Create a log-based metric in Cloud Monitoring, and configure an alert to trigger if the data downloaded per user exceeds a predefined limit. Identify users who exceed the predefined limit in Google SecOps.

C.

Inspect Security Command Center (SCC) default findings for data exfiltration in Google SecOps.

D.

Enable curated detection rules for User and Endpoint Behavioral Analytics (UEBA), and use the Risk Analytics dashboard in Google SecOps to identify metrics associated with the anomalous activity.

Question # 10

You are conducting proactive threat hunting in your company ' s Google Cloud environment. You suspect that an attacker compromised a developer ' s credentials and is attempting to move laterally from a development Google Kubernetes Engine (GKE) cluster to critical production systems.

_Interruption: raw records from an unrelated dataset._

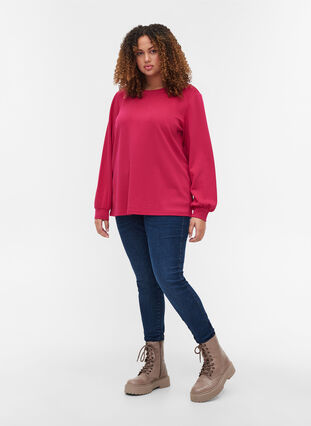 Pull col rond et manches longues, Cerise, Model image number 2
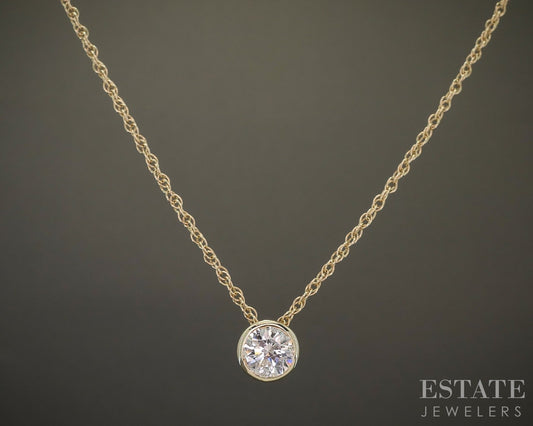 14k Yellow Gold Round Natural 1.04ct Diamond Bezel Solitaire Necklace p27149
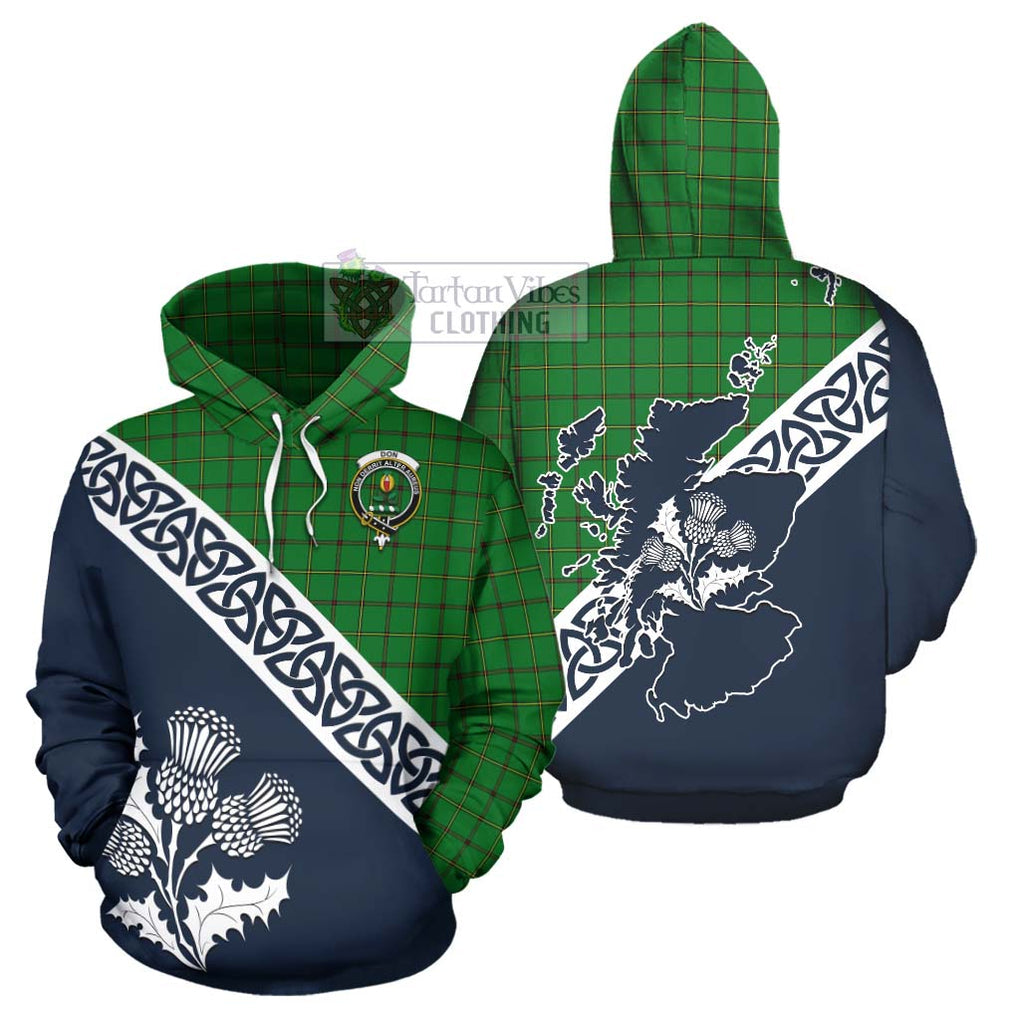 Don Tartan Hoodie Featuring Thistle and Scotland Map Zip Hoodie - Tartan Vibes Clothing
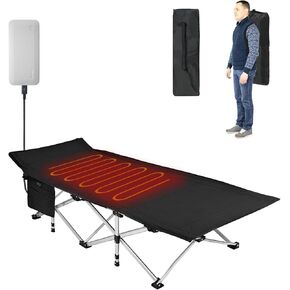 BESTHLS Heated Camping Cot for Adult 600D Oxford Portable Sturdy Sleeping Cot with Carry Bag, Portable Cots for for Home Office Nap Beach Travel Black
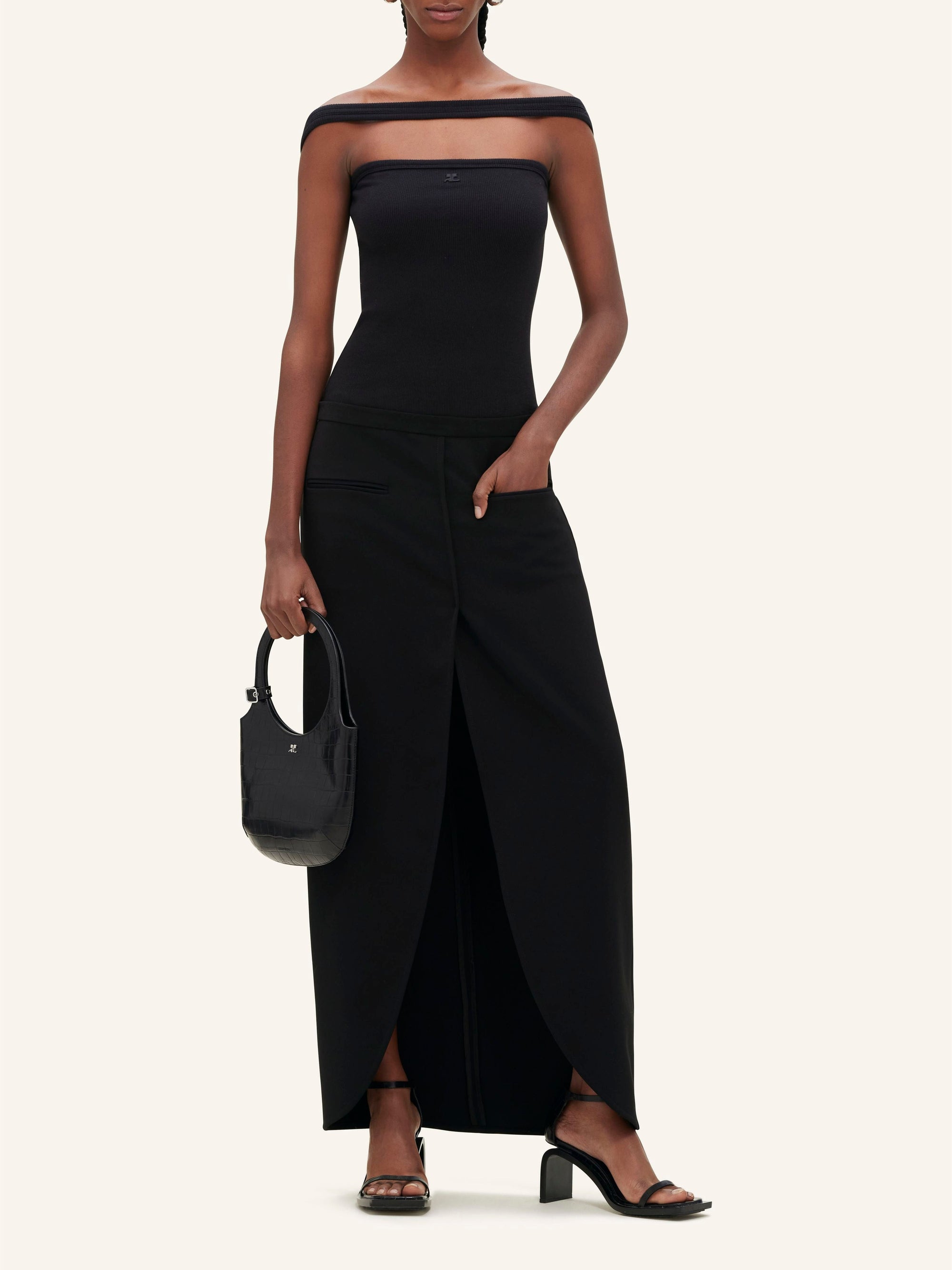Ellipse tailored long Skirt - Black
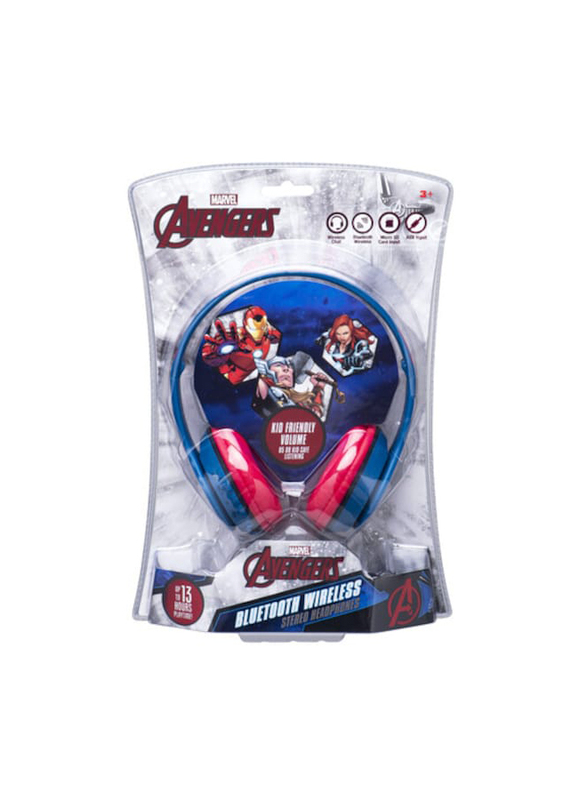 

SMD's Marvel Avengers Wireless Stereo Over-Ear Headphones with Padded Ear Cups & Built-in Microphone, Multicolour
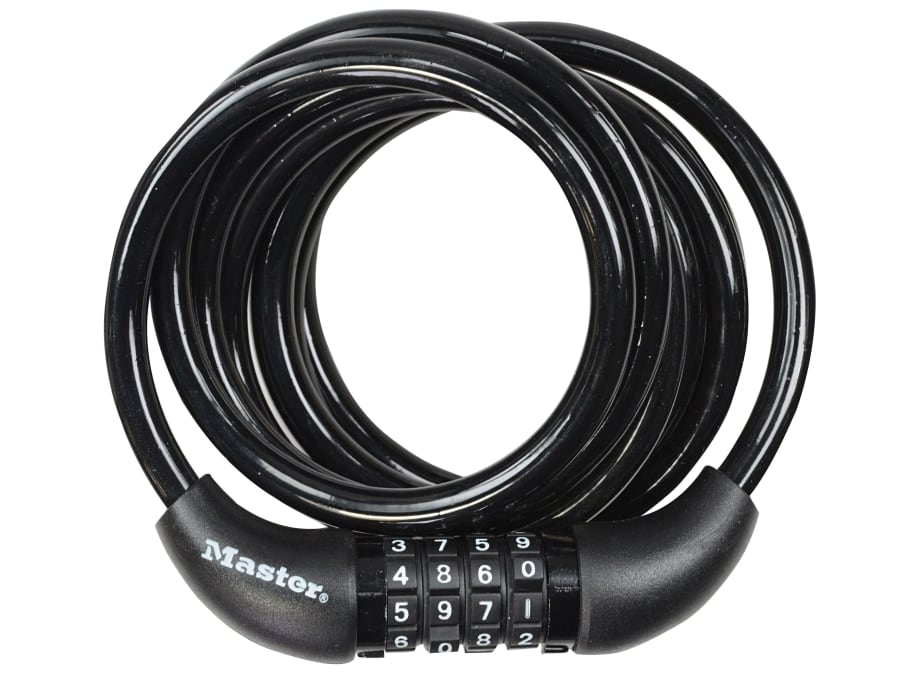 Master Lock 8221EURDPRO 1.8m x 8mm Self Coiling Combination Cable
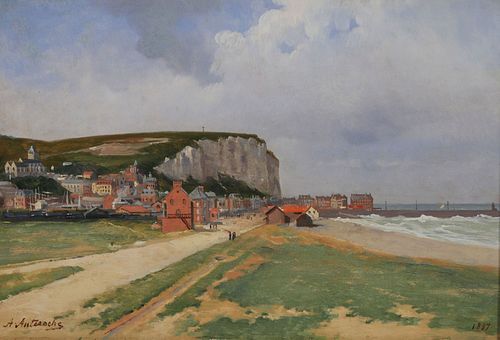 Alfred E Auteroche (French, 1831-1906) Oil Painting - Normandy, France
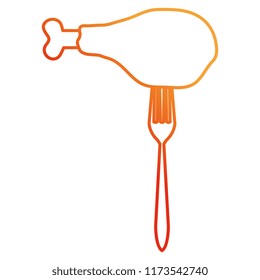 delicious chicken thigh in fork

You need to identify IoCs and prioritize investigative actions by using Google Cloud ' s security tools before analyzing raw logs in detail. What should you do next?

A.

In the Security Command Center (SCC) console, apply filters for the cluster and analyze the resulting aggregated findings ' timeline and details for IoCs. Examine the attack path simulations associated with attack exposure scores to prioritize subsequent actions.

B.

Review threat intelligence feeds within Google Security Operations (SecOps), and enrich any anomalies with context on known IoCs, attacker tactics, techniques, and procedures (TTPs), and campaigns.

C.

Investigate Virtual Machine (VM) Threat Detection findings in Security Command Center (SCC). Filter for VM Threat Detection findings to target the Compute Engine instances that serve as the nodes for the cluster, and look for malware or rootkits on the nodes.

D.

Create a Google SecOps SOAR playbook that automatically isolates any GKE resources exhibiting unusual network connections to production environments and triggers an alert to the incident response team.